The creation of the new Nunavut territory was accompanied by the creation of the new territorial government. The new region and government balances the traditional culture and beliefs of the Inuit people within the basic Canadian institutions of democracy and federalism. In other words, the new Nunavut Territory can be seen as a response to address both aboriginal self-government while continuing the territorial government under the direct jurisdiction of the federal government of Canada. This in itself is a unique marriage.
The laws of the Northwest Territories in force at April 1, 1999 continued to remain in effect in the new territory until new legislation was passed in Nunavut. The Department of Justice of the newly created government of Nunavut has many responsibilities including ensuring that the laws of Nunavut are consistent with the constitution of Canada and the Nunavut Act, which created the region of the territory of Nunavut. The Department of Justice is also responsible for administering the Nunavut Court of Justice.
Structure of the Courts
The new Nunavut Territory is unique in many ways including the Inuit culture and the nature of the life in the territory. The Nunavut Territory covers a huge expanse of land and the population is spread out. It was natural that a unique court system would be developed to address the unique characteristics of life in the Nunavut Territory.
The Nunavut Court of Justice (Trial Court)
The large expanse of the Nunavut territory led to the creation of a unique single-level trial court. The "Nunavut Court of Justice" was created effective April 1, 1999 and was empowered with all of the powers, duties, and functions of the previous Northwest Territories trial courts by An Act to Amend the Nunavut Act with respect to the Nunavut Court of Justice and to amend other Acts in Consequence, 1999.
Prior to the creation of this new unified trial court, there were two trial level courts in the Northwest Territories: a Territorial Court and a Northwest Territories Supreme Court which had a broader jurisdiction than the Territorial Court. This division in the trial courts is similar to the provinces: for example, the Province of Alberta has the division between the Provincial Court and the Court of Queen's Bench of Alberta that has a broader jurisdiction to hear matters.
The Nunavut Court of Justice is empowered to hear any trial level matter.
The territorial Court of Appeal remained a separate court. There are also Youth Courts for the Nunavut Territory. The Nunavut Judicial System Implementation Act, Statutes of the Northwest Territories, 1998, among other things, established the composition, power, and officers of the Nunavut Court of Justice and the Court of Appeal.
Circuit Court Feature of the Nunavut Court of Justice
Another feature of the Nunavut Court of Justice is that it has a circuit court to better service the people of Nunavut by traveling, where possible, to the people's own communities. The Nunavut Court of Justice generally sits two to three times a week. There is at least one sitting of the Nunavut Court of Justice in Iqaluit and at least one traveling circuit court.

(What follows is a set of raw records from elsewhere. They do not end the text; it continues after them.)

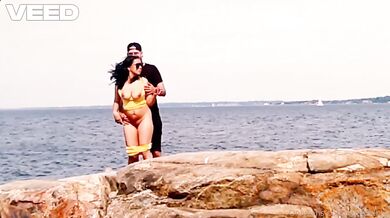 Ebony Exhibitionist Wife Destroyed Gushing Choked Beach Romance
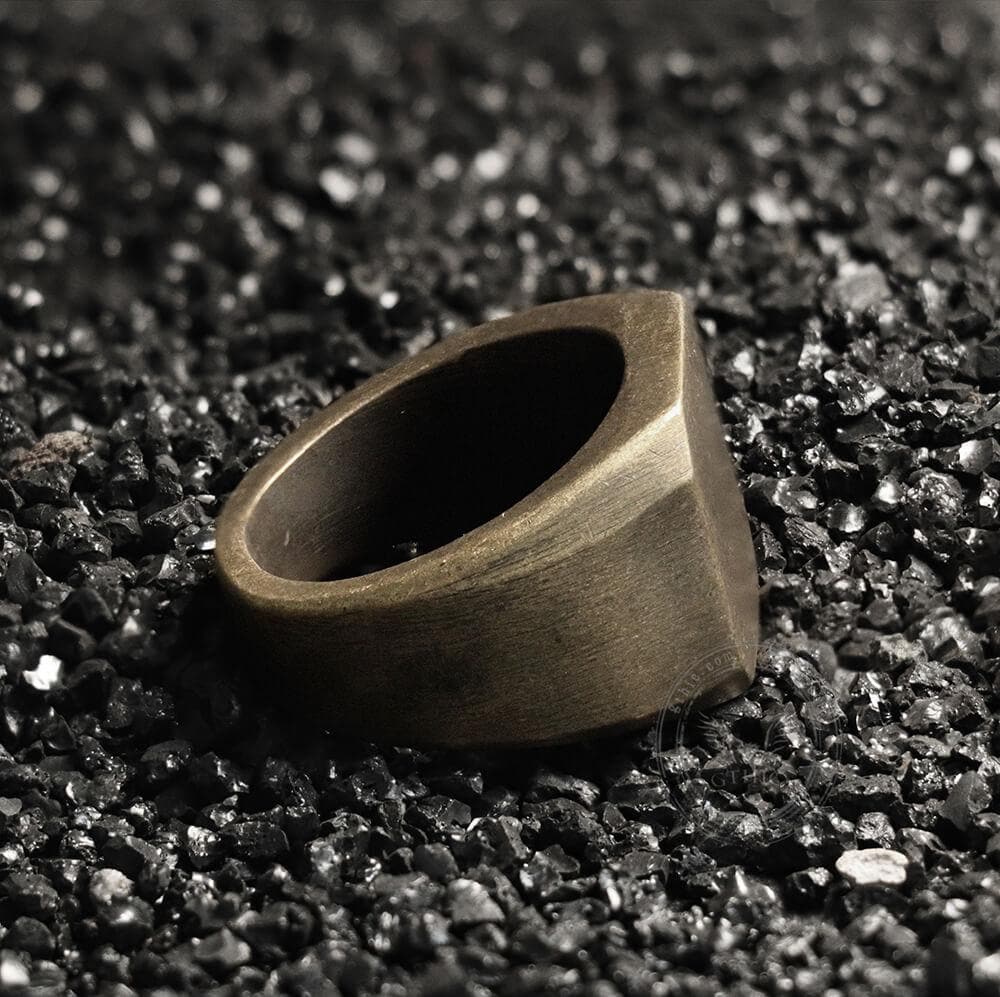 Retro Simple Plain Stainless Steel Square Ring 7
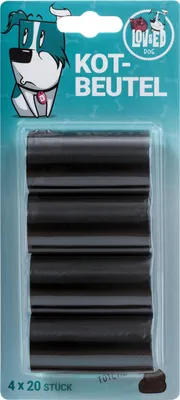 Produktbild von Lov&Ed Hundekotbeutel, 4x20 Stück - schwarz
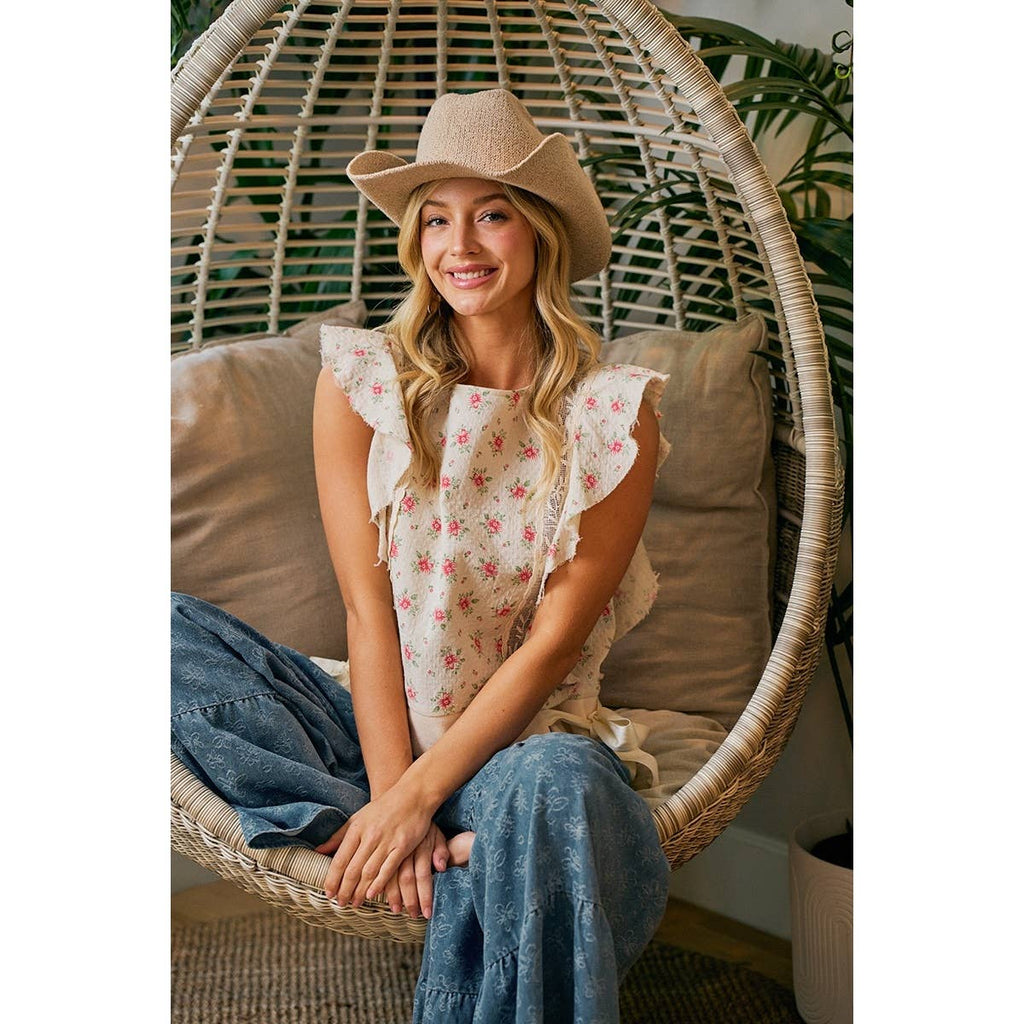 FLOWER PRINTED RUFFLE SLEEVE TRIM DETAIL TOP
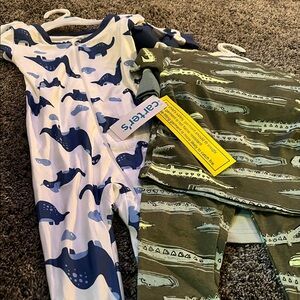 Dinosaur/bear Print Baby Onesie and two piece pajamas!  New. 3 total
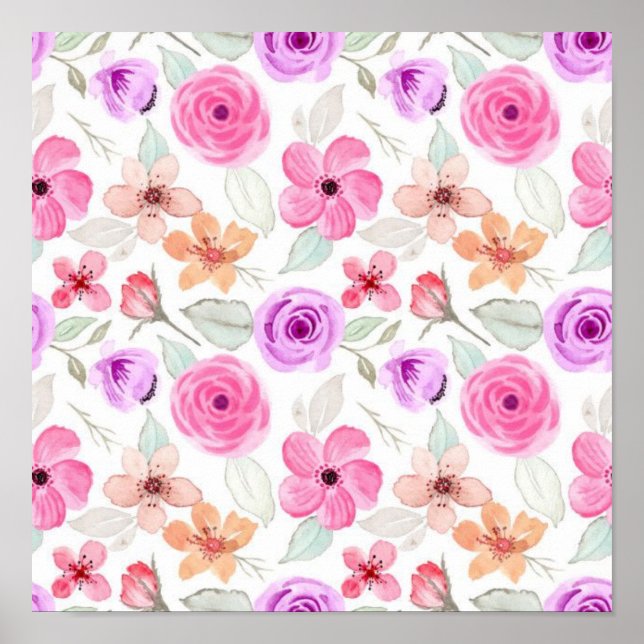 Affiche Motif de fleurs (Devant)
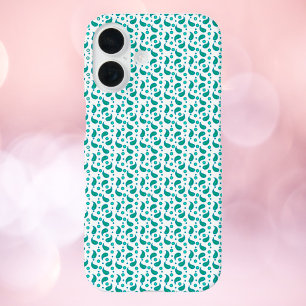 Blaugrüne Paisley-Blumen Nahtloses Muster iPhone 16 Hülle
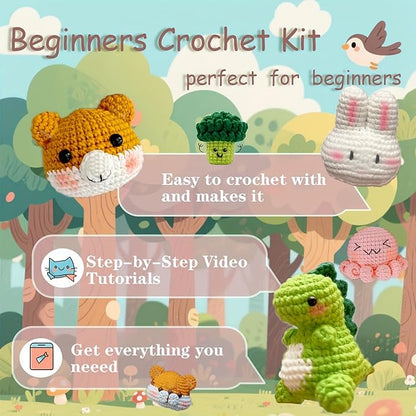 DOOOYU 6PCS Crochet Kit for Beginners Crochet Animals Knitting Kit Supplies Learn to Crochet Beginner Set Kit with Crochet Hooks, Yarn, Step-by-Step Instructions Video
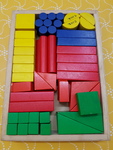 COLOURED BLOCKS IN A BOX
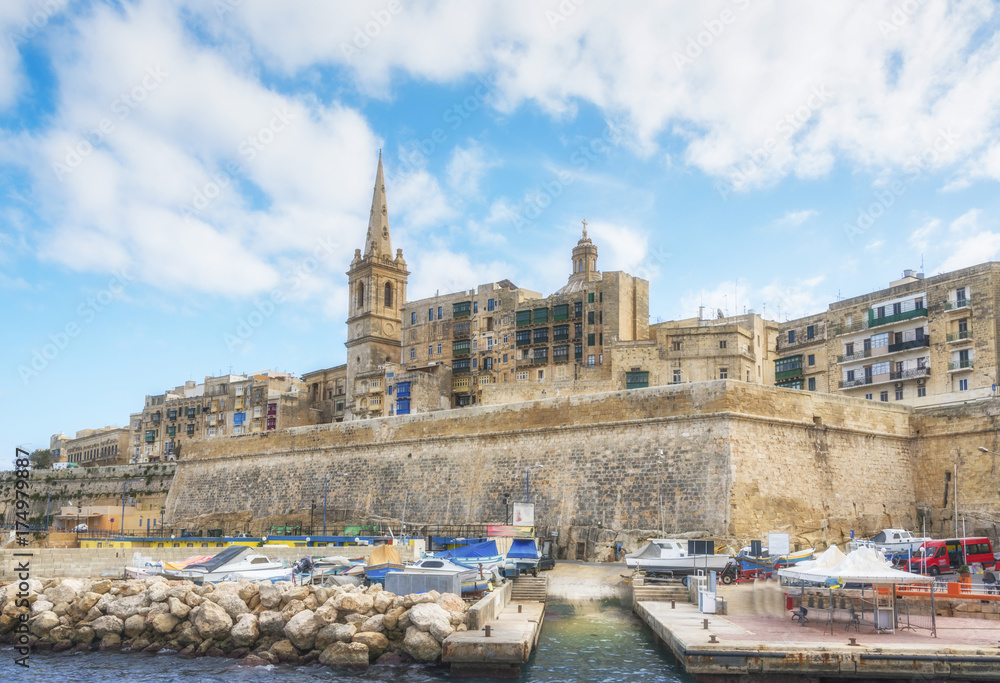 A pier at Old Valletta. Republic of Malta.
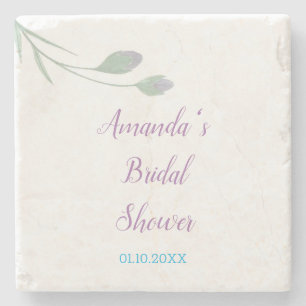 Dessous-de-verre En Pierre Chic Mariage Minimaliste Floral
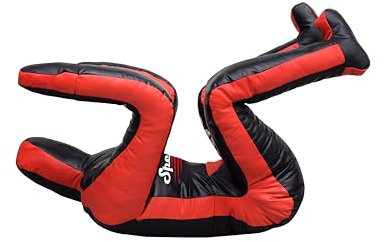 MMA Grappling Dummy Judo Karate Boxsack Dummy BJJ Wrestling Dummy Praxis Kampfsport Boxen Stehposition Brazilian JIU Jitsu Submission Training - ungefüllt (Schwarz Rot, 170 cm)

According to the Nunavut Court of Justice website, the traveling circuit court travels to the larger communities that have RCMP detachments, and covers about 85 % of the communities in Nunavut. The frequency of travel to any one community is determined by the number of charges from that community. The travel to each community can therefore vary substantially, and the Nunavut Court of Justice may attend in a particular community from every six weeks to two years.
The traveling circuit court sits in the available accommodations such as community halls or school gyms. Its personnel consists of at least a judge, a clerk, a court reporter, a crown prosecutor, and at least one defence lawyer.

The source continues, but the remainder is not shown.